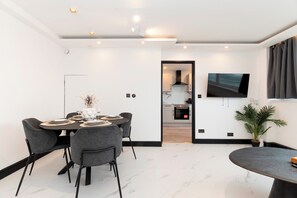 Dining - Luxury One Bedroom Apartment, Holland Park and Next to Notting Hill - Pass the Keys (London)
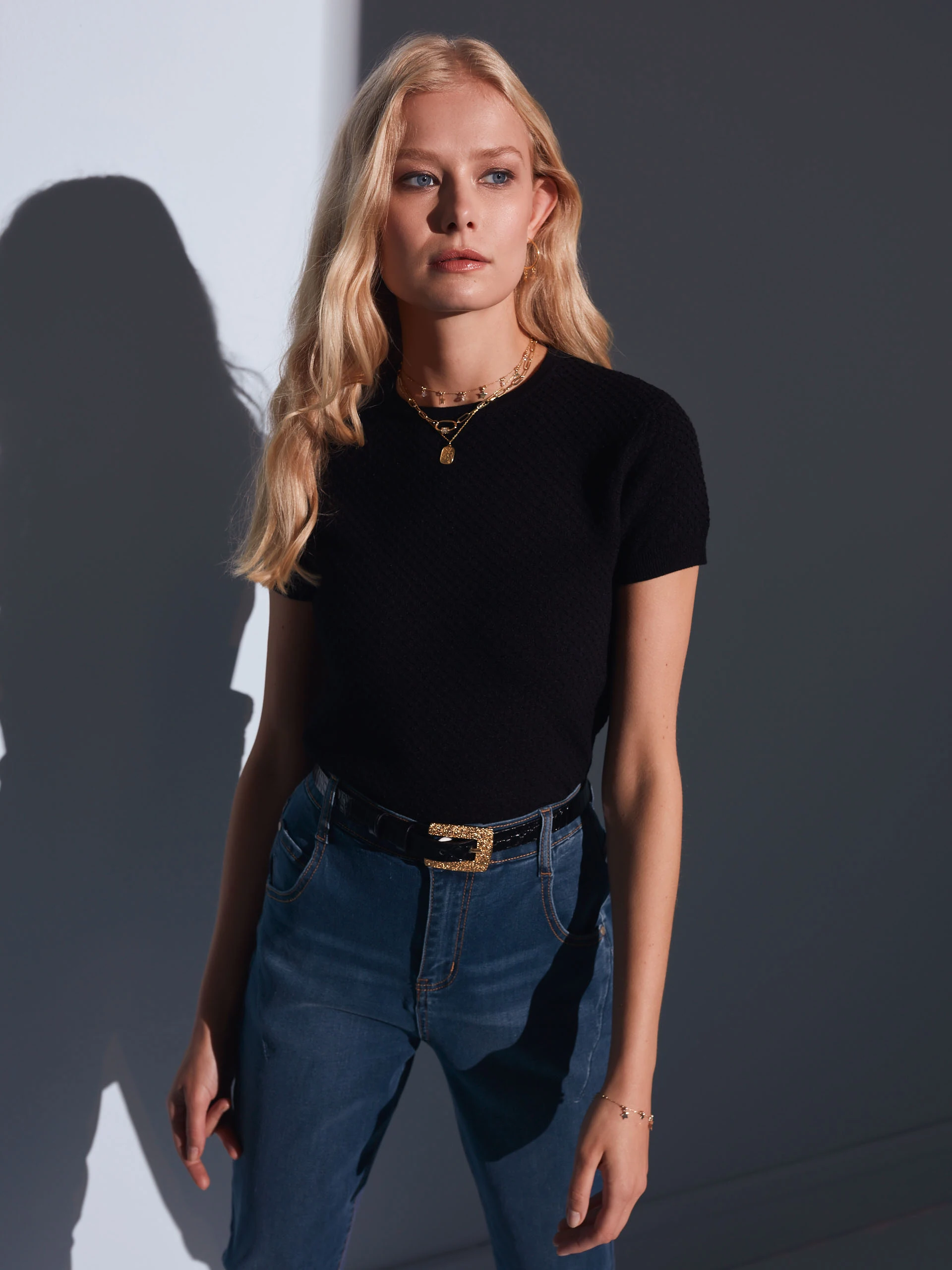 BLACK SHORT SLEEVE SWEATER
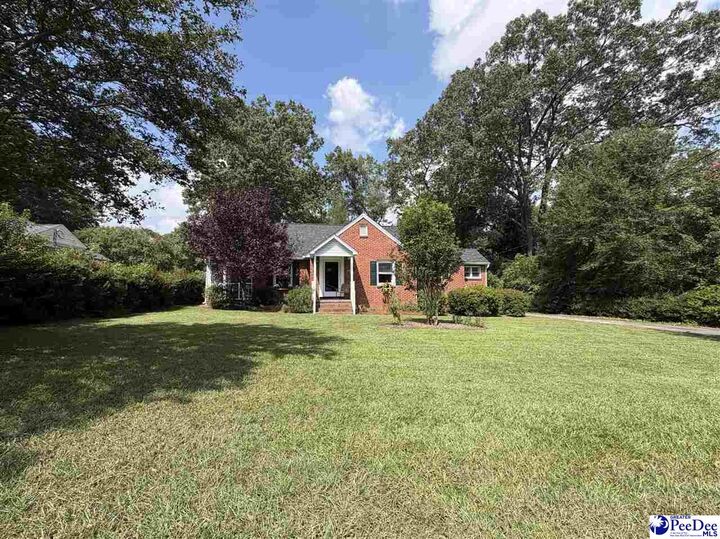 Property Photo:  901 W Cedar Street  SC 29501 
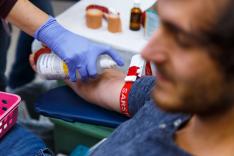 2016. gada 10. novembrī Rīgas Stradiņa universitātē jau otro reizi šajā gadā notika Veselības diena. Tajā RSU studenti un darbinieki ziedoja asinis un pārbaudīja veselību pie topošajiem mediķiem. Thumbnail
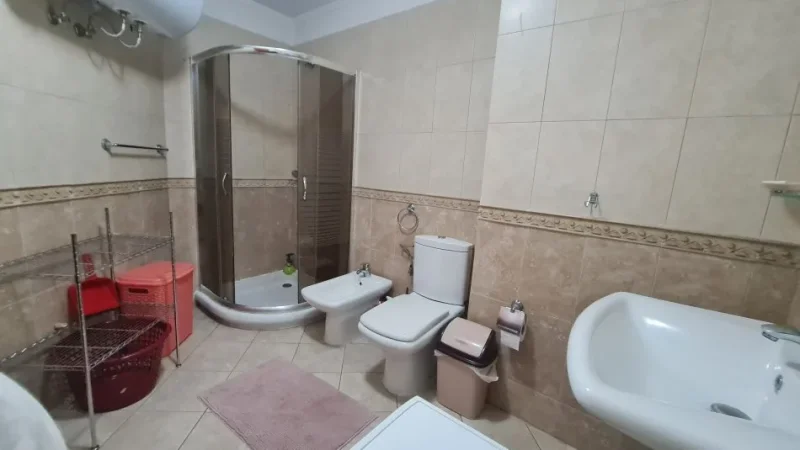Tirane, jepet me qera apartament 2+1+Ballkon Kati 3, 115 m² 660 € (Don Bosko)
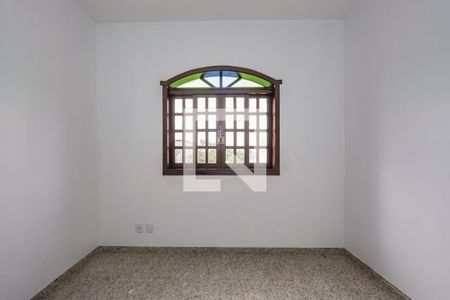 Casa à venda com 280m², 4 quartos e 6 vagas Casa à venda com 280m², 4 quartos e 6 vagasQuarto 4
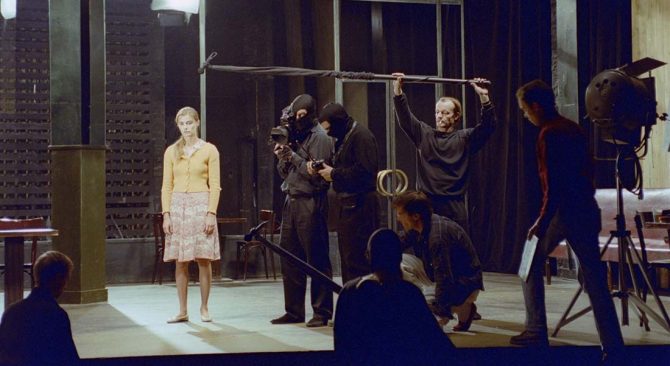 UN CASSE DU CINÉMA SUR LE THÉÂTRE ! - Critique sortie Théâtre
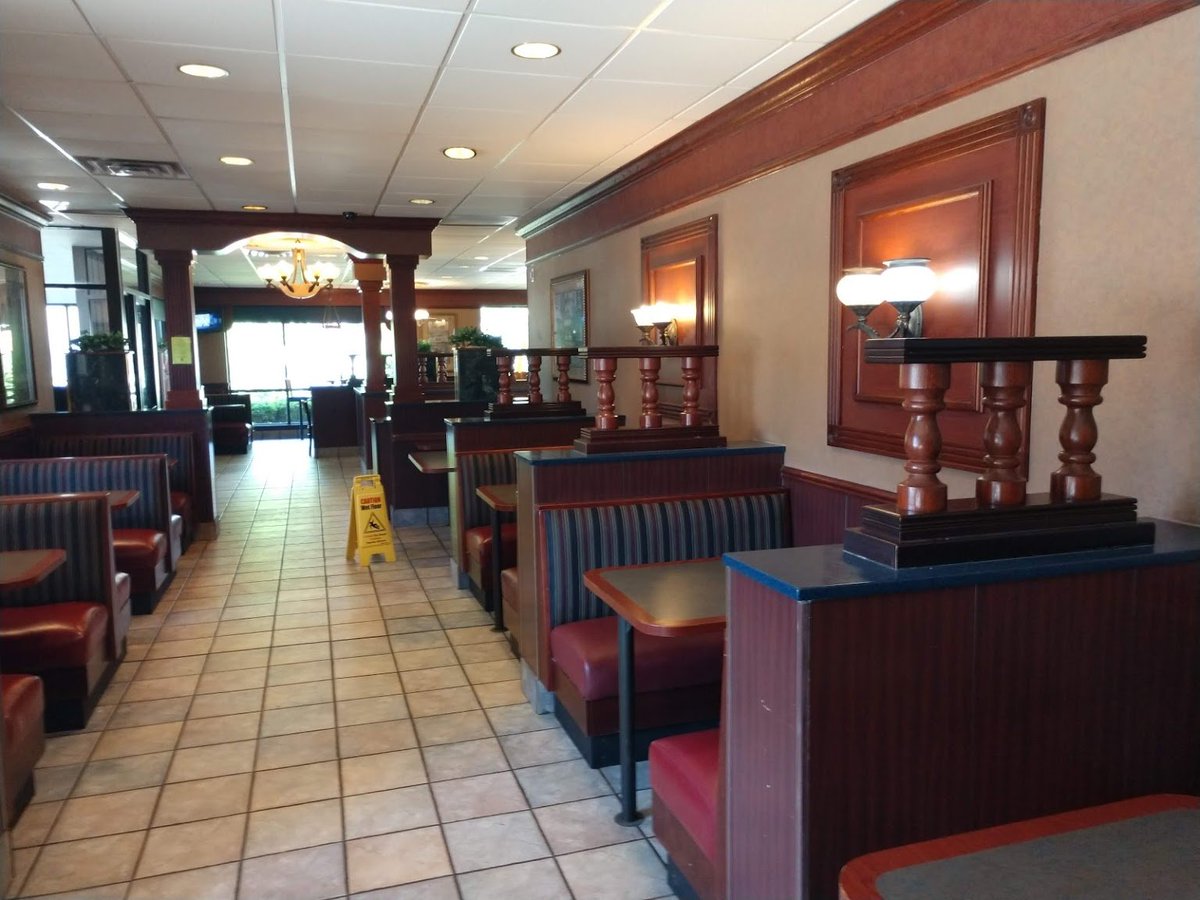 nonstandardmcd's tweet image. lighthouse mcdonald&apos;s (date unknown)

port washington, wi

partially active (interior and facade remodeled; lighthouse remains)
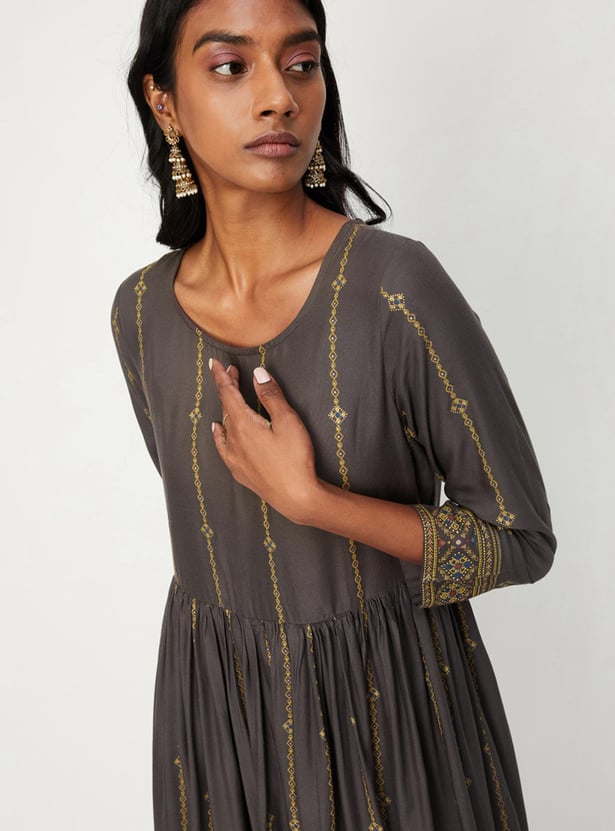 Women Embroidered Kurta with Jacket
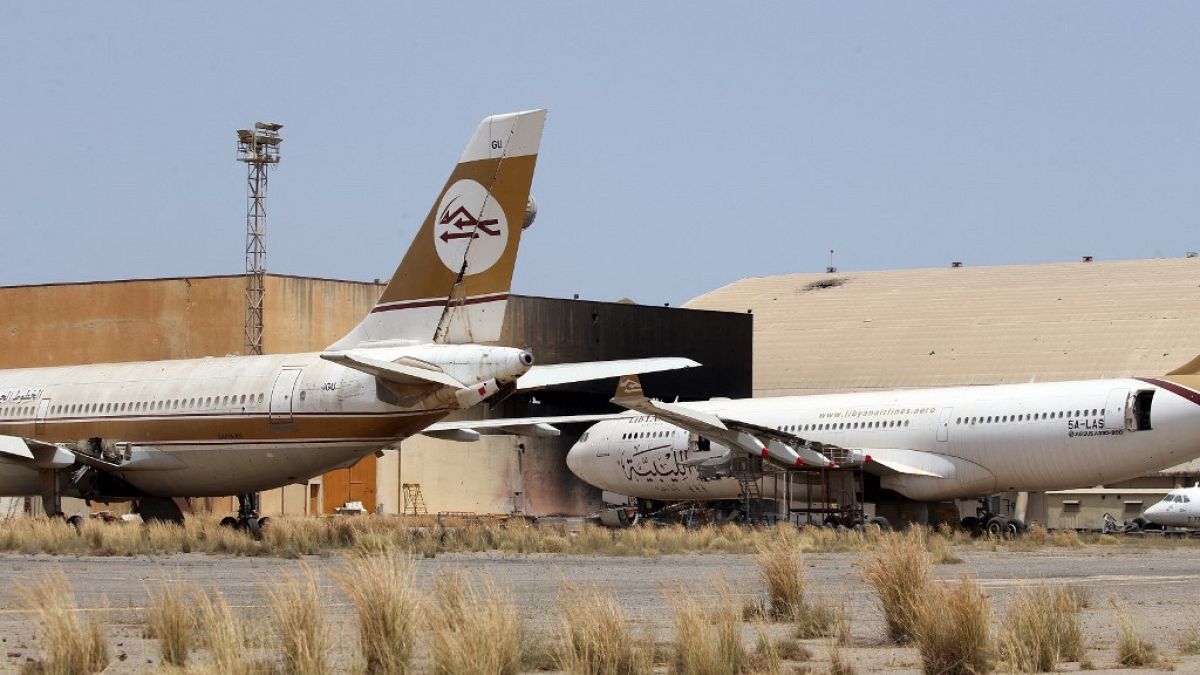 Çatışmalarda zarar gören Libya havayollarına ait uçaklar (arşiv)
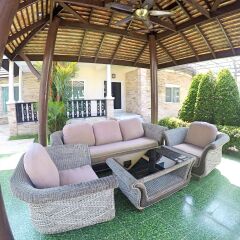 Отель Green Residence Pool Villa Паттайя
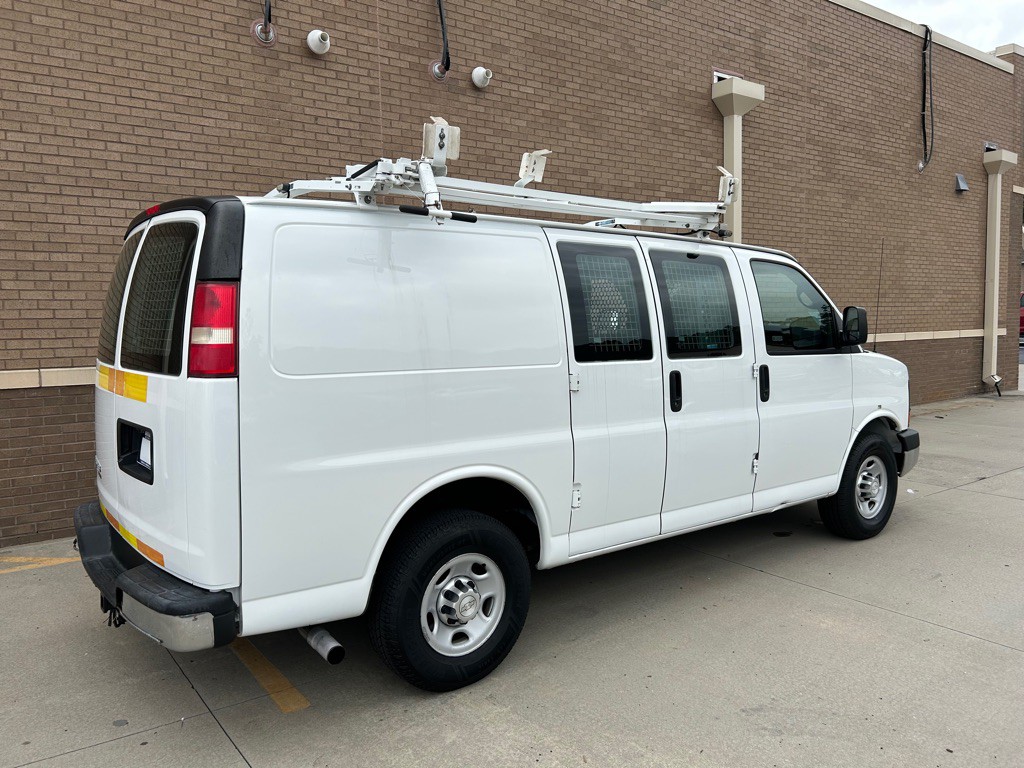 2015 Chevrolet Express Image 4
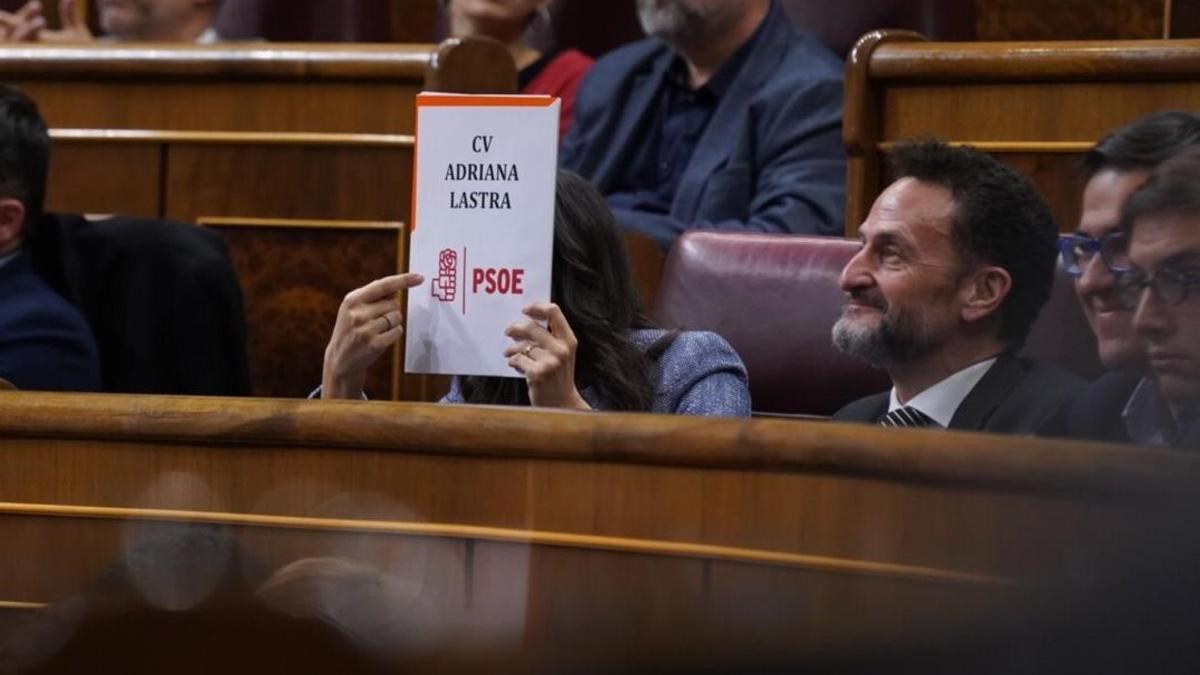 Inés Arrimadas enseña una carpeta con el nombre de Adriana Lastra, del PSOE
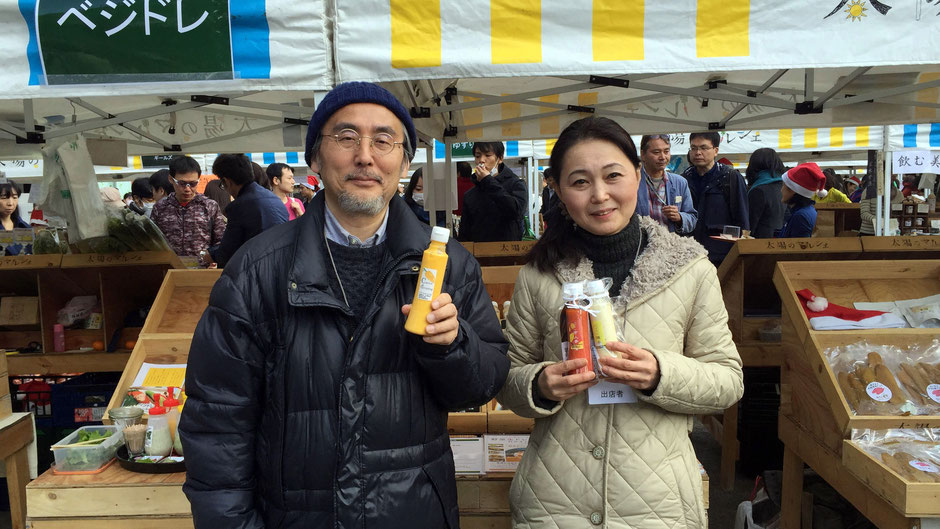有限会社ブレーントラスト、代表・料理家の小野美穂さん、相談役・アートディレクターの大瀧政喜さんです。ベジドレは野菜が大好きになる魔法のドレッシングです。「お家で食べるごはんは大事です。それを充実させるお手伝いができたらいいと思って、仕事をしています。」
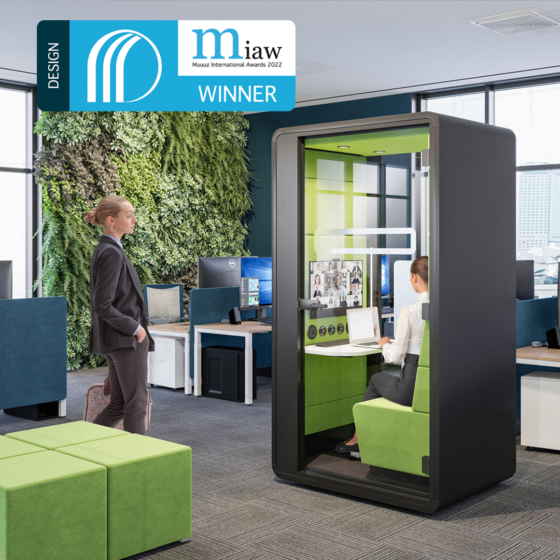 HushHybrid, cabine acoustique de travail conçue par Hushoffice a été récompensée par le MIAW Design Award dans la catégorie équipement intérieur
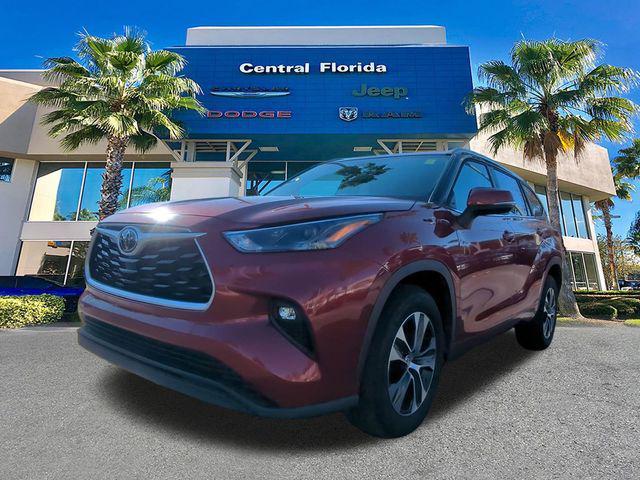 used 2023 Toyota Highlander car, priced at $30,749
****************************************
* **WHAT IS NEEDED**: Word for word, repeat the data above with the pictures left out.

* **TASK RESULT**:
 Dining - Luxury One Bedroom Apartment, Holland Park and Next to Notting Hill - Pass the Keys (London)
 BLACK SHORT SLEEVE SWEATER
 Property Photo:  901 W Cedar Street  SC 29501 
 2016. gada 10. novembrī Rīgas Stradiņa universitātē jau otro reizi šajā gadā notika Veselības diena. Tajā RSU studenti un darbinieki ziedoja asinis un pārbaudīja veselību pie topošajiem mediķiem. Thumbnail
Tirane, jepet me qera apartament 2+1+Ballkon Kati 3, 115 m² 660 € (Don Bosko)
 Casa à venda com 280m², 4 quartos e 6 vagas Casa à venda com 280m², 4 quartos e 6 vagasQuarto 4
 UN CASSE DU CINÉMA SUR LE THÉÂTRE ! - Critique sortie Théâtre
 nonstandardmcd's tweet image. lighthouse mcdonald&apos;s (date unknown)

port washington, wi

partially active (interior and facade remodeled; lighthouse remains)
 Women Embroidered Kurta with Jacket
 Çatışmalarda zarar gören Libya havayollarına ait uçaklar (arşiv)
 Отель Green Residence Pool Villa Паттайя
 2015 Chevrolet Express Image 4
 Inés Arrimadas enseña una carpeta con el nombre de Adriana Lastra, del PSOE
有限会社ブレーントラスト、代表・料理家の小野美穂さん、相談役・アートディレクターの大瀧政喜さんです。ベジドレは野菜が大好きになる魔法のドレッシングです。「お家で食べるごはんは大事です。それを充実させるお手伝いができたらいいと思って、仕事をしています。」
 HushHybrid, cabine acoustique de travail conçue par Hushoffice a été récompensée par le MIAW Design Award dans la catégorie équipement intérieur
 used 2023 Toyota Highlander car, priced at $30,749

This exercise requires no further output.